W chwili obecnej, aby zdobyć prawo wykonywania zawodu pielęgniarki i położnej należy ukończyć studia I stopnia z tytułem licencjata.
Jednakże, nawet pielęgniarki z tytułem magistra zostały zaszeregowane do grupy 9 wskaźnik 0,64! równoznacznej z wykształceniem średnim, podczas gdy inne grupy zawodowe wymagające wykształcenia wyższego mają zastosowania w grupie 6 współczynnik 0,73.
Według naszej grupy zawodowej jest to jawna dyskryminacja!
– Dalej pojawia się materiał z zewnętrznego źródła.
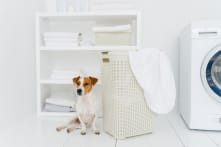 6 lợi ích ít biết của giấm đối với việc giặt ủi
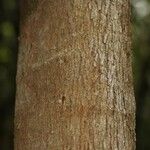 Abarema gallorum Ŝelo
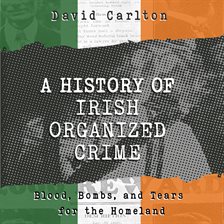 Cover image for A History of Irish Organized Crime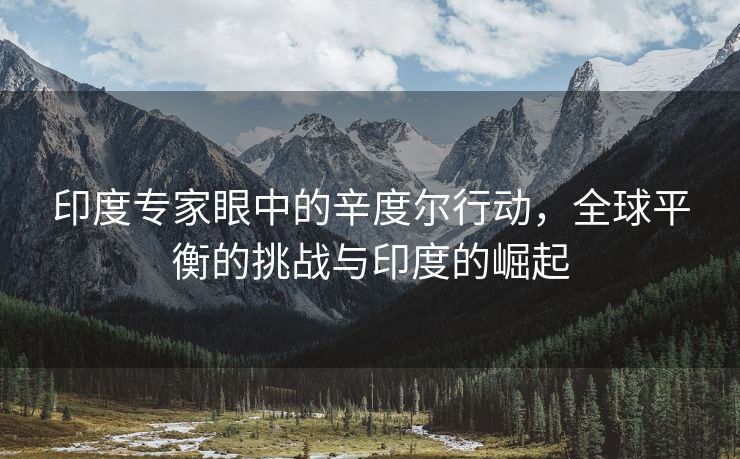 印度专家眼中的辛度尔行动，全球平衡的挑战与印度的崛起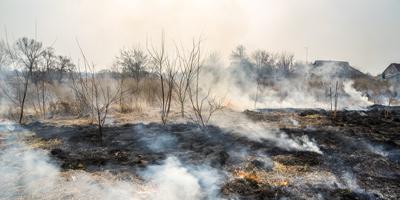 Pułtuska Kronika Strażacka 30.03.2020 r. – 05.04.2020 r.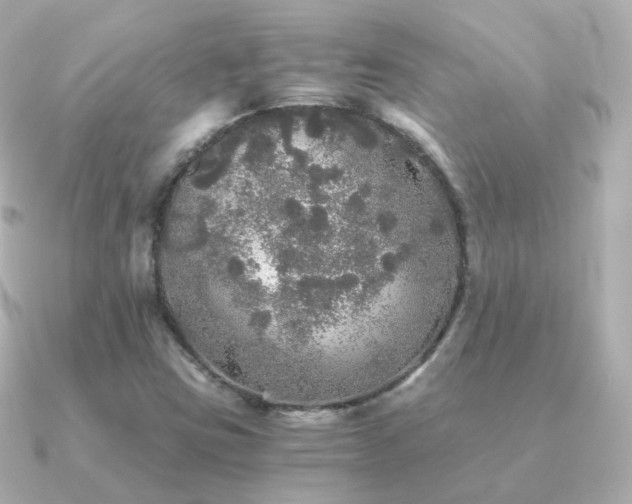 X0000091341403200708101435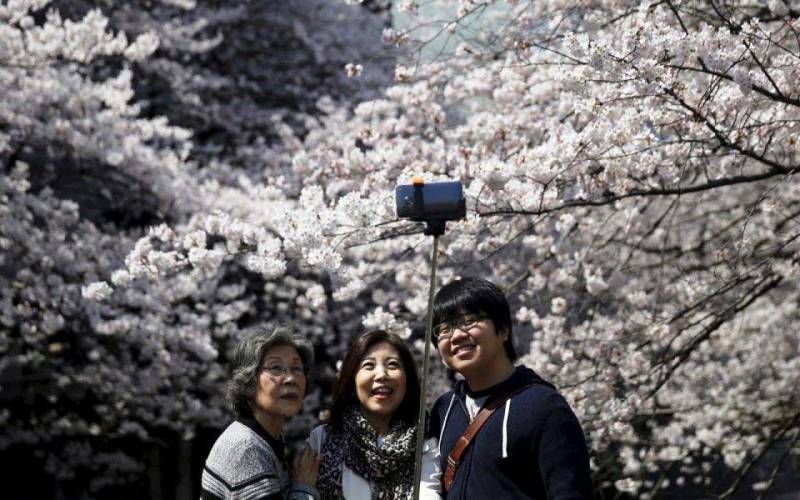 Ιαπωνία: Οι κερασιές φέτος «ανθίζουν» μέσω... διαδικτύου (Βίντεο+φωτογραφίες)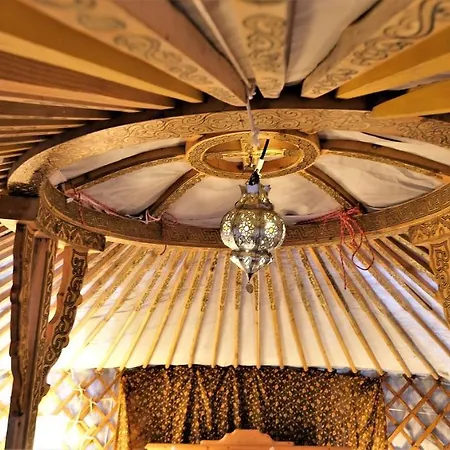 Luxussátor Mongolische Jurte Im Art.quartier Velgast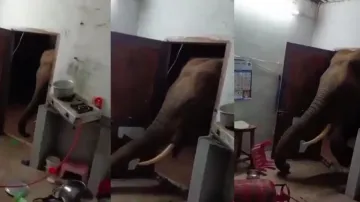 Uninvited guest! Elephant tries to enter house in search of food without breaking, watch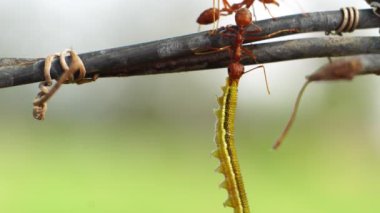 Bulanık arkaplanda karıncaların makro görüntüleri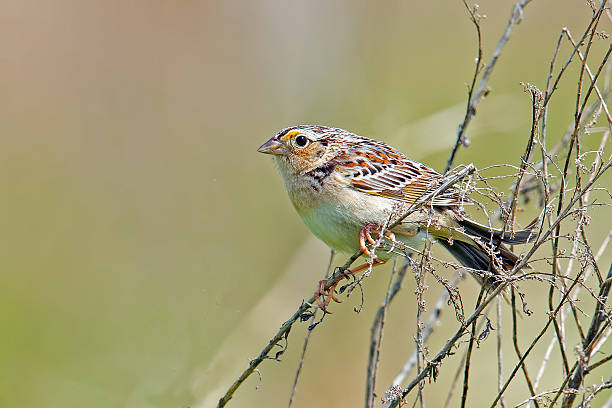 Florida Grasshopper Sparrow Sees Remarkable Revival Amid Conservation&nbsp;Efforts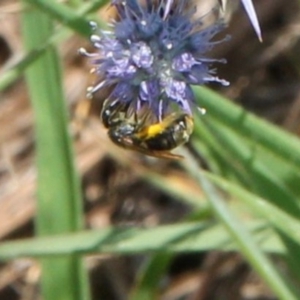 Lasioglossum (Chilalictus) sp. (genus & subgenus) at Franklin Grassland (FRA_5) - 13 Jan 2024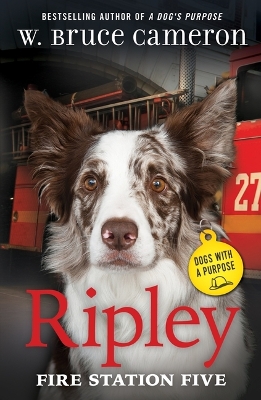 Book cover for Ripley: Fire Station Five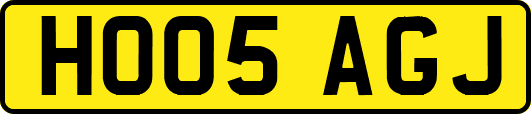 HO05AGJ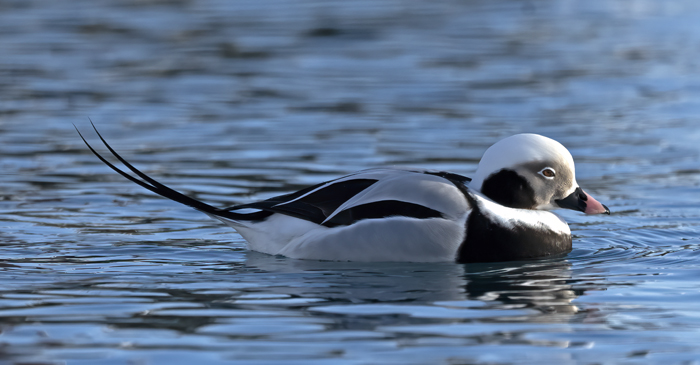 Long-tailed_Duck_23_Norway_059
W opinii do ustawy o sposobie ustalania najniższego wynagrodzenia zasadniczego pracowników wykonujących zawody medyczne zatrudnionych w podmiotach leczniczych (druk nr 529) z dn. 19.06.2017r Biura Legislacyjnego Kancelarii Senatu zredagowany przez Pana Macieja Telca głównego legislatora, czytamy, co następuje:
„Jak wynika z uzasadnienia do projektu ustawy, będzie ona służyć zwiększeniu zainteresowania kształceniem w zawodach medycznych, promowaniu podejmowania zatrudnienia na terenie kraju oraz zachęceniu już zatrudnionej kadry do podwyższania kwalifikacji zawodowych w drodze specjalizacji. W efekcie proces ten będzie miał przełożenie na liczbę i profesjonalizm zatrudnionej w podmiotach leczniczych kadry medycznej, a tym samym skutkować będzie wyższym poziomem bezpieczeństwa zdrowotnego poprzez poprawę jakości i dostępności świadczeń zdrowotnych oraz wyższym poziomem bezpieczeństwa sanitarnego.
Ponadto ustawa ma stanowić systemowe rozwiązanie prawne zmierzające do zniwelowania w latach 2017–2021 dysproporcji w zakresie poziomu wynagrodzeń podstawowych grup pracowników medycznych zatrudnionych w podmiotach leczniczych.”
Opinia ta jest niezgodna z rzeczywistością.
Personelu medycznego, a przede wszystkim pielęgniarek i położnych już jest tak mało, że pracują na dwóch lub nawet trzech etatach, a współczynniki zawarte w proponowanej ustawie, nie poprawią warunków zatrudnienia.
W piśmie Ogólnopolskiego Związku Zawodowego Pielęgniarek i Położnych z dn. 19.06. 2017. do Pana Stanisława Karczewskiego Marszałka Senatu Rzeczypospolitej Polskiej można przeczytać przykład podnoszenia płacy minimalnej, który wygląda drastycznie.
„Przy współczynniku 0,64 w zasadzie do 31.12.2021r. poziom wynagrodzenia zasadniczego pielęgniarek i położnych w poz. 9 będzie kształtował się w wysokości 2.496,- zł. brutto.
Zatem projektowana ustawa – o ile nie będzie w międzyczasie nowelizowana – w/w poziom miesięcznego wynagrodzenia zasadniczego 2.496,- zł pozwoli osiągnąć tej grupie pielęgniarek i położnych dopiero za 4 lata i 6 miesięcy. Czy faktycznie taki jest pomysł na zatrzymanie pielęgniarek i położnych w kraju i nakłonienie ich do powrotu do pracy z zagranicy?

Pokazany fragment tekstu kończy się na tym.